● **Provided records**
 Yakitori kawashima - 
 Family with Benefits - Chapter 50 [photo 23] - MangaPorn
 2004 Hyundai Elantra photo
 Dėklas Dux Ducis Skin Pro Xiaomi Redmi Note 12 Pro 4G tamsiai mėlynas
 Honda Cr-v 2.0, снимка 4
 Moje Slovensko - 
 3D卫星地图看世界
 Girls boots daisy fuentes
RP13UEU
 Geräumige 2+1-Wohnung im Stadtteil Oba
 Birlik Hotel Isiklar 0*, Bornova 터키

==

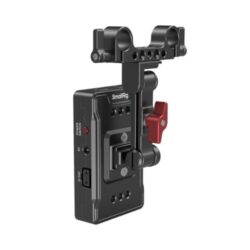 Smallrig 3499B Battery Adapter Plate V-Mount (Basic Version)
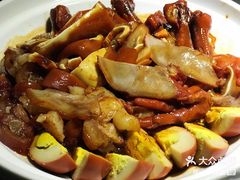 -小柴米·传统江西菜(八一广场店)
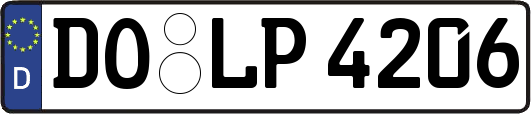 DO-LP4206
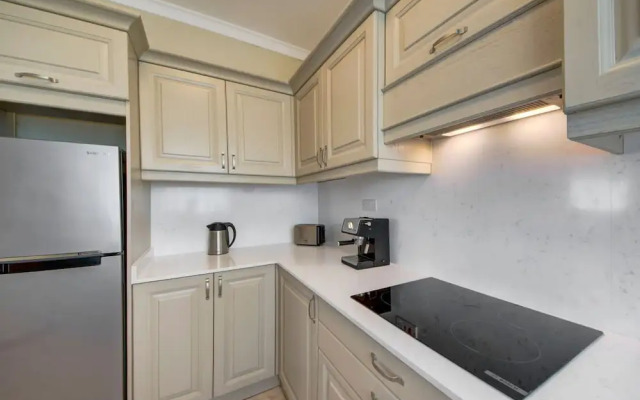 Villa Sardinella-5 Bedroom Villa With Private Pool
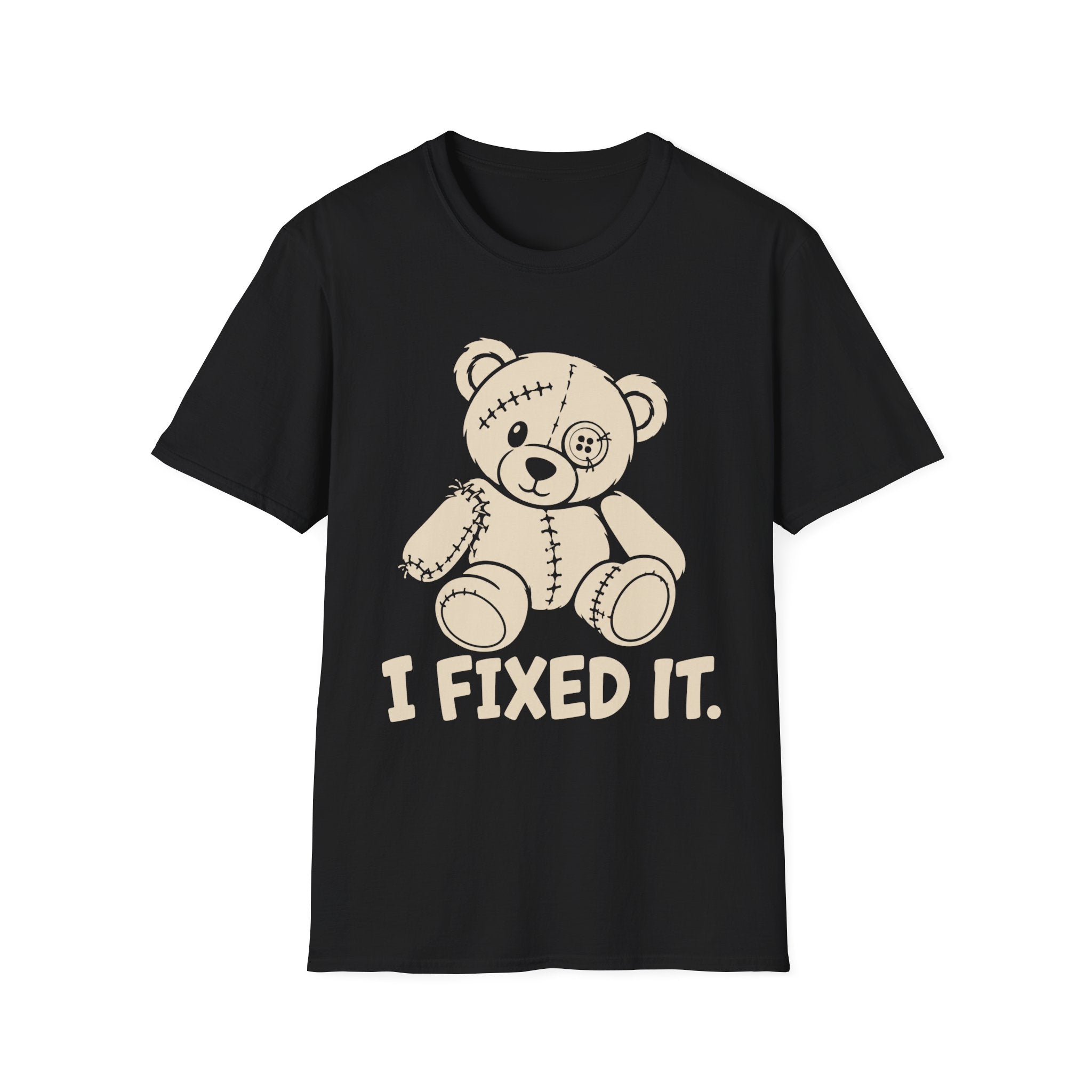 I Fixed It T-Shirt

...

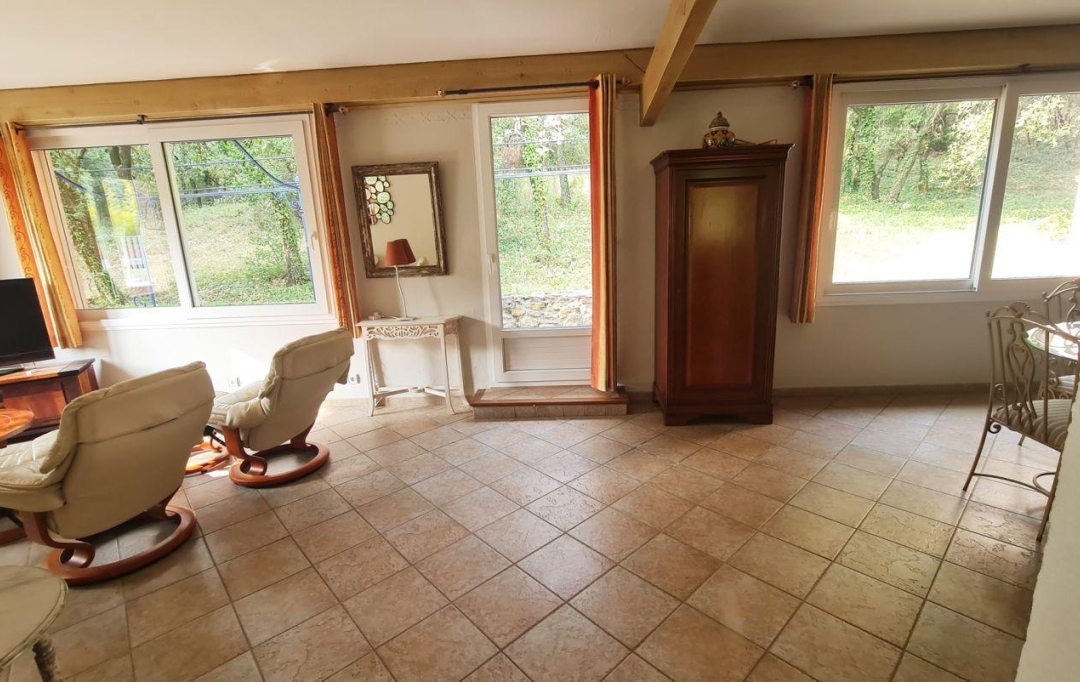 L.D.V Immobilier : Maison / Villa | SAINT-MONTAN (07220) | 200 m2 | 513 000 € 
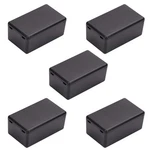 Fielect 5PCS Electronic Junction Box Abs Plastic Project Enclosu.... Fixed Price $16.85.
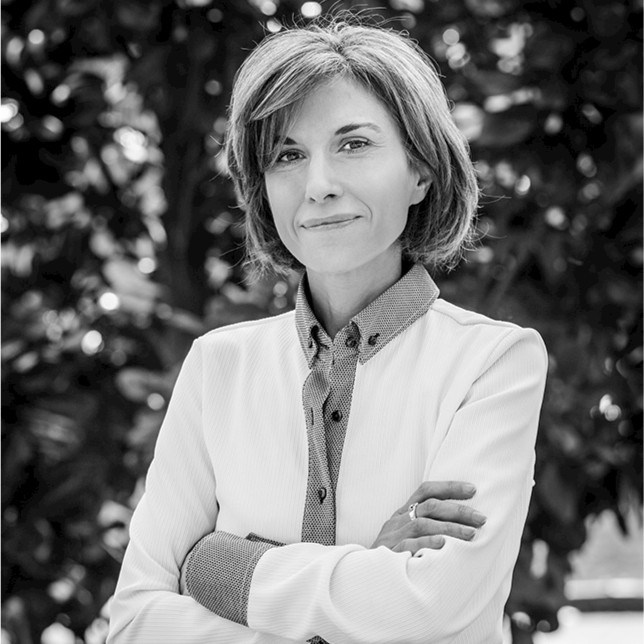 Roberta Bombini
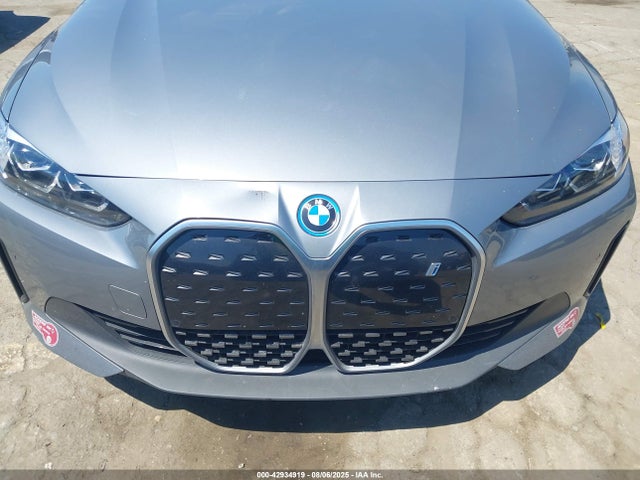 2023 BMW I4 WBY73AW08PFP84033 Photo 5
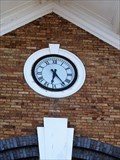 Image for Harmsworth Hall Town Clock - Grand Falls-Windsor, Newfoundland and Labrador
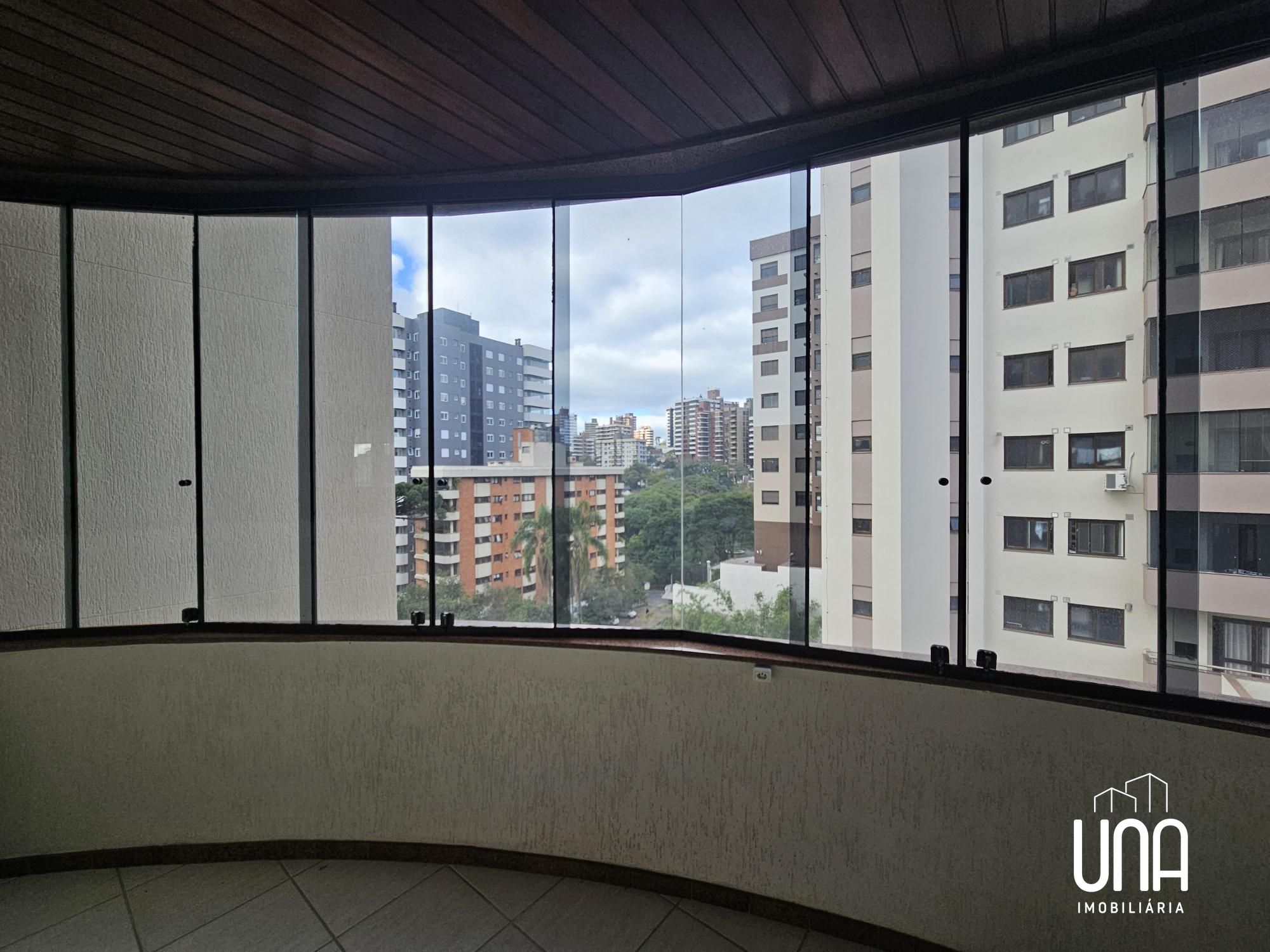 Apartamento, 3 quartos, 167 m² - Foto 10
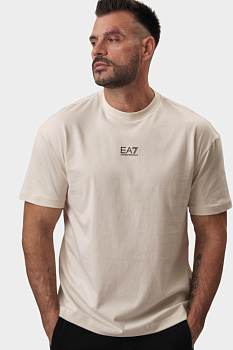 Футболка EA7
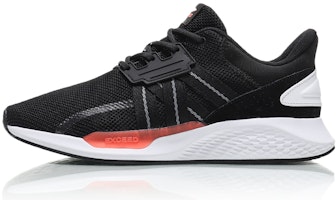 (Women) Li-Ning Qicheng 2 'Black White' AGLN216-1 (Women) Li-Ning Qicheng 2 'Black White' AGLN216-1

● **Problem requirements**
Using the data above, copy exactly the lines from the one containing "Apartamento, 3 quartos, 167 m² - Foto 10" to the one containing "(Women) Li-Ning Qicheng 2 'Black White' AGLN216-1 (Women)", inclusive. Exclude the pictures.

● **Response for this exercise**
 Apartamento, 3 quartos, 167 m² - Foto 10
 Футболка EA7
 (Women) Li-Ning Qicheng 2 'Black White' AGLN216-1 (Women) Li-Ning Qicheng 2 'Black White' AGLN216-1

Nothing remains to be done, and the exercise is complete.